It was hot in Cambridge’s Weirdo Records last night. Here is a descriptive review of the show from Flash Notes

Your savings account zeroes risk we will enjoy it and you will feel it and it will be painful Lucio on banjo eking out eerie high strung sounds like a wine glass being rubbed Dave running the smallest cymbal over the snare drum head Lucio now with a violin bow rubbing the strings beyond the bridge now it’s melodic a carousel organ with children riding up and down on the horses and it may be a fox hunt with trumpet over the country gardens now Lucio with his spanking black electric guitar and the sounds are strafed and echo Lucio in his straw pork pie hat and beige suit and tie is dashing Dave gets mosquito squeals out of the snare Lucio sly with pick in his mouth Dave getting buzzing alarm sounds out of a bow against the rim now low tones drones hums very quiet as echoes rise

Lucio stands up and strums what goes up must come down what goes down must come up so buy low sell high rocking out on electric strings both of them mad it’s a jungle or a country pond with the flora and wildlife waving in the wind Lucio takes rock star stance scritching and scratching sounds getting wilder rings on the strings clown balloon sounds at the circus wild and fun times balloon gets big it is clear gray and the guitar hums like an engine very quiet slight clicks of lips on bubble

New Joe Rut CD gets a nice review…

…and they gave me a little nod. It was inspiring to play a packed house at SF’s Great American Music Hall – a really great show as the live CD confirms.
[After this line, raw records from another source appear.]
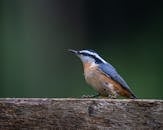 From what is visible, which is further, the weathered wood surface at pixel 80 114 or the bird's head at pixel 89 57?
the bird's head at pixel 89 57

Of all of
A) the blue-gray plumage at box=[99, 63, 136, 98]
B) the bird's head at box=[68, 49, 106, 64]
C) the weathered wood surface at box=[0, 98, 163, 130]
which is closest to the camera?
the weathered wood surface at box=[0, 98, 163, 130]

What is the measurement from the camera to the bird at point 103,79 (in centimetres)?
598

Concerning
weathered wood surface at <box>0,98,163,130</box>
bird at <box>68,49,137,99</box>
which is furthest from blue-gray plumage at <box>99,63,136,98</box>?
weathered wood surface at <box>0,98,163,130</box>

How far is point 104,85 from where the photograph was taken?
609 cm

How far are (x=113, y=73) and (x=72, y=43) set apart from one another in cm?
749

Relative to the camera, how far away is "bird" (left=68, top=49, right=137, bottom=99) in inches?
236

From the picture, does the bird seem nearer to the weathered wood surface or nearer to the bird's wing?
the bird's wing

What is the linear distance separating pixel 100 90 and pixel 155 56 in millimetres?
6639

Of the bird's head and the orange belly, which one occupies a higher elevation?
the bird's head

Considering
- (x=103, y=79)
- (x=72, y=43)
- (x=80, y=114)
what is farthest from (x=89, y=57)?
(x=72, y=43)

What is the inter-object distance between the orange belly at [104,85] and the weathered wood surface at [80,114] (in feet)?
4.53

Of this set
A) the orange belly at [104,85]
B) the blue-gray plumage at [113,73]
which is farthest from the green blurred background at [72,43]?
the orange belly at [104,85]

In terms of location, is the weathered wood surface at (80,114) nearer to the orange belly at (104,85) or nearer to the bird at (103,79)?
the bird at (103,79)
Musically, Rut has never had a better band than he did on this night, and highlights abound. Danny Allen’s echo-drenched slide solo on “Monkey Boy” oozes and crackles like a brick of firecrackers stuck in molasses, and Lucio Menegon’s reverby Telecaster excursion on the touching “Hole in Space” perfectly carves that hole before the band slams back into the almost Pink Floydian bridge, “I like now/now is enough/now is the only time we have to love.”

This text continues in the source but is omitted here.